[Start of Attachment]
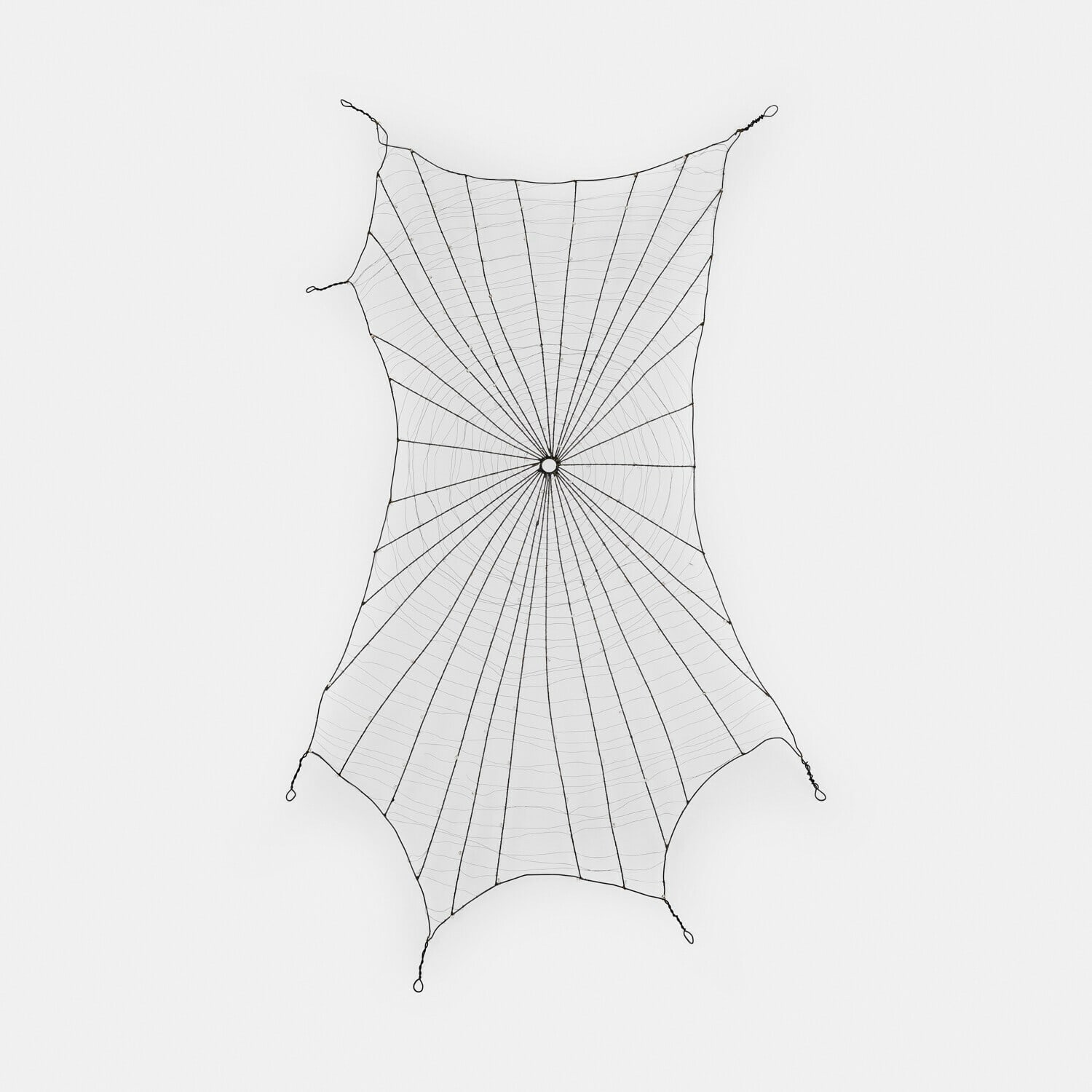 Deko-Spinnennetz Vexilnor Schwarzes Deko-Spinnennetz aus Metall für Halloween, Wanddekoration mit gruseligem Effekt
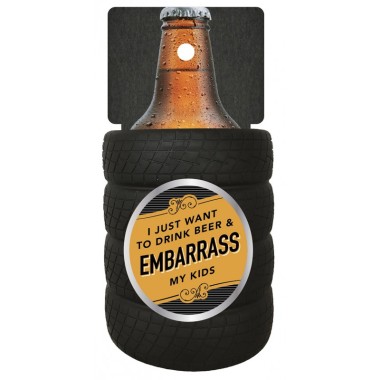 Drink Beer & Embarrass My Kids Beer Holder - 1
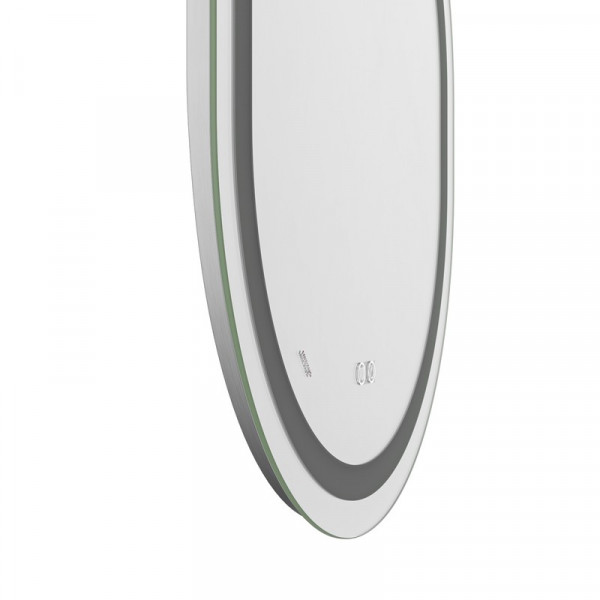 Дзеркало Mixxus Premium ELLIPSE MV05-80x70-Reverse з Led Touch, Anti-fog, димером (3-6,5kK) (MP6643)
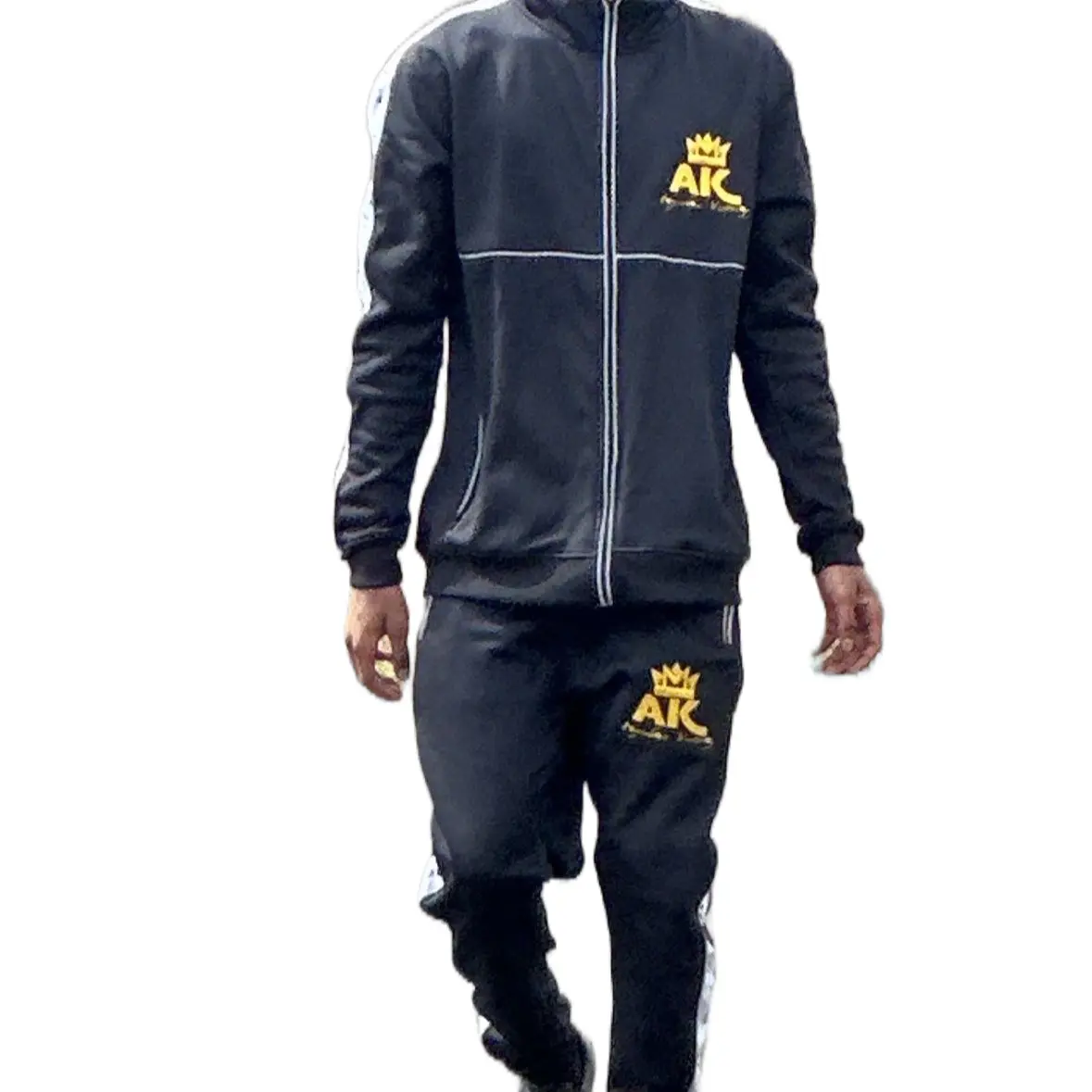 Pyrrhic victory unisex refictive jumpsuit zipper pockets Reflective Pants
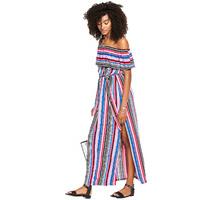 V By Very Frill Bardot Maxi Dress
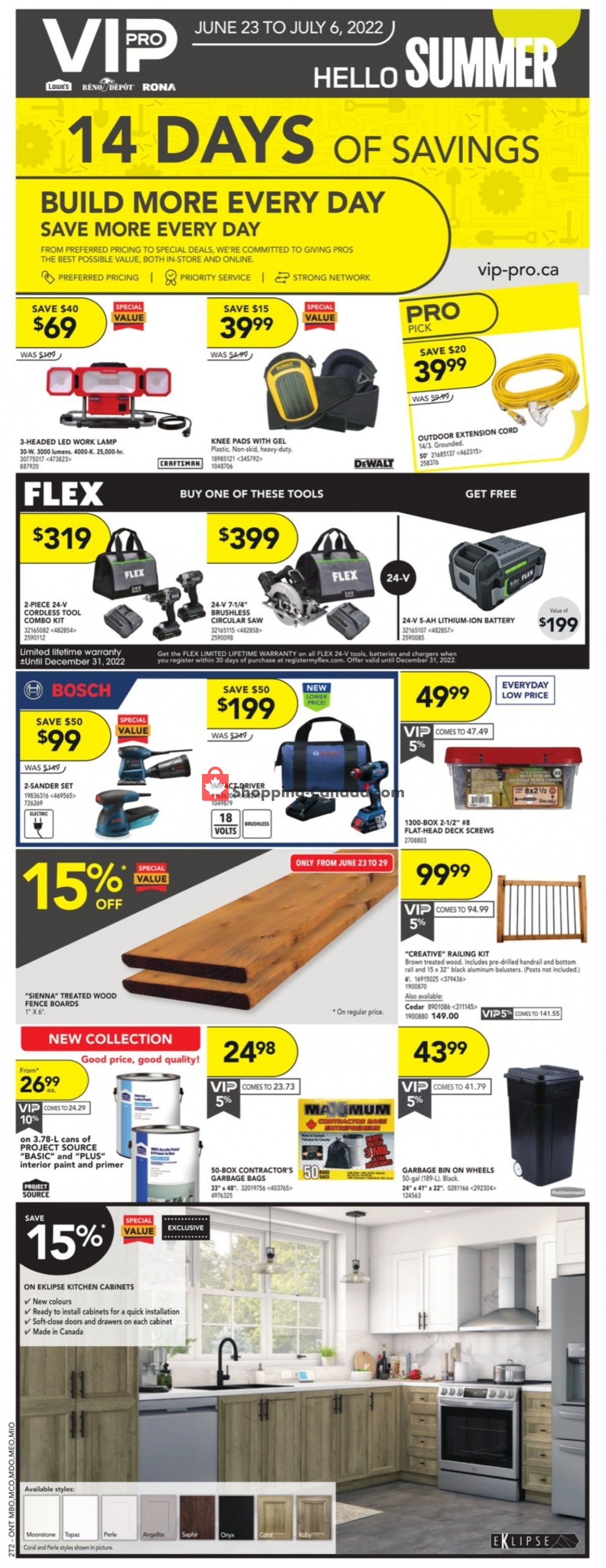 Lowe's flyer from Thursday June 23, 2022 to Wednesday July 6, 2022 - page 1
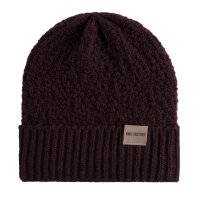 Knit Factory Haze Mütze Midnight Plum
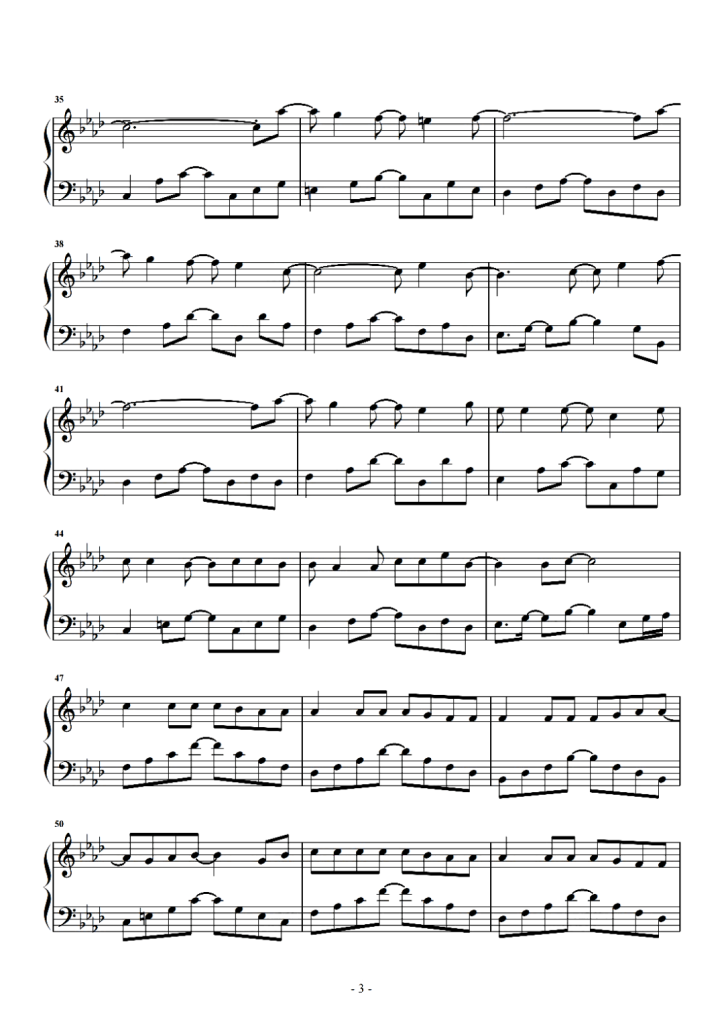 凄美地 钢琴曲谱 -郭顶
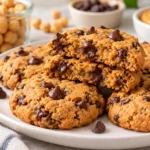 Soft and chewy chickpea cookies with chocolate chips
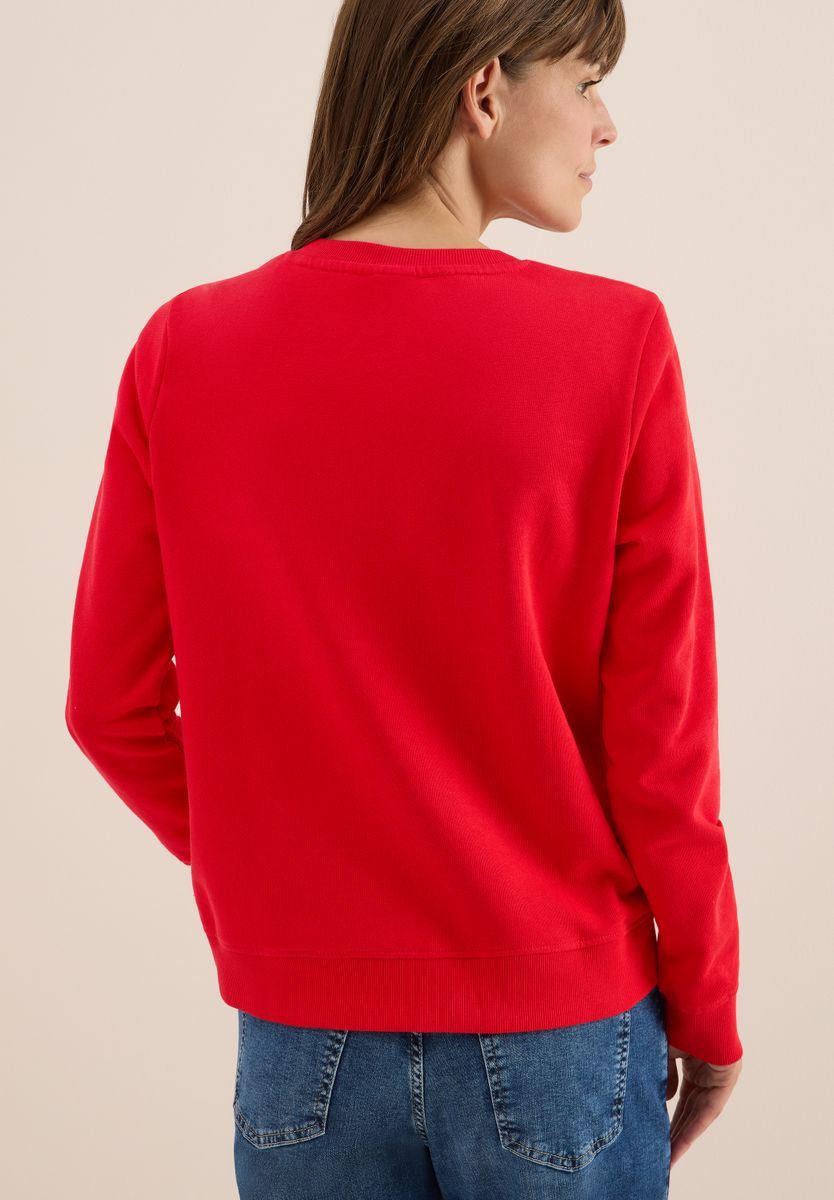Sweatshirt mit Wording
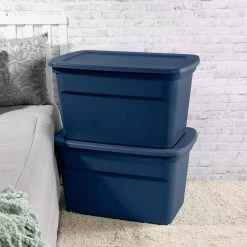Classic Lidded Stackable 30 Gal Storage Tote Container, Blue, 12 Pack by Sterilite -Cheap Sterilite Store blue sterilite storage bins 12 x 17367406 31 1000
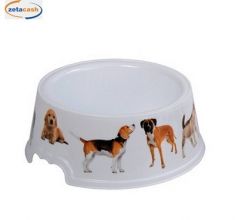 CIOTOLA ROTONDA IN PLASTICA PER CANI 400 ML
[End of Attachment]
## What the task asks:
Transcribe the listing above in full and exactly; no pictures belong in the copy.

## Response below:
 Deko-Spinnennetz Vexilnor Schwarzes Deko-Spinnennetz aus Metall für Halloween, Wanddekoration mit gruseligem Effekt
 Drink Beer & Embarrass My Kids Beer Holder - 1
 Дзеркало Mixxus Premium ELLIPSE MV05-80x70-Reverse з Led Touch, Anti-fog, димером (3-6,5kK) (MP6643)
 Pyrrhic victory unisex refictive jumpsuit zipper pockets Reflective Pants
 V By Very Frill Bardot Maxi Dress
 Lowe's flyer from Thursday June 23, 2022 to Wednesday July 6, 2022 - page 1
 Knit Factory Haze Mütze Midnight Plum
 凄美地 钢琴曲谱 -郭顶
 Soft and chewy chickpea cookies with chocolate chips
Sweatshirt mit Wording
Classic Lidded Stackable 30 Gal Storage Tote Container, Blue, 12 Pack by Sterilite -Cheap Sterilite Store blue sterilite storage bins 12 x 17367406 31 1000
 CIOTOLA ROTONDA IN PLASTICA PER CANI 400 ML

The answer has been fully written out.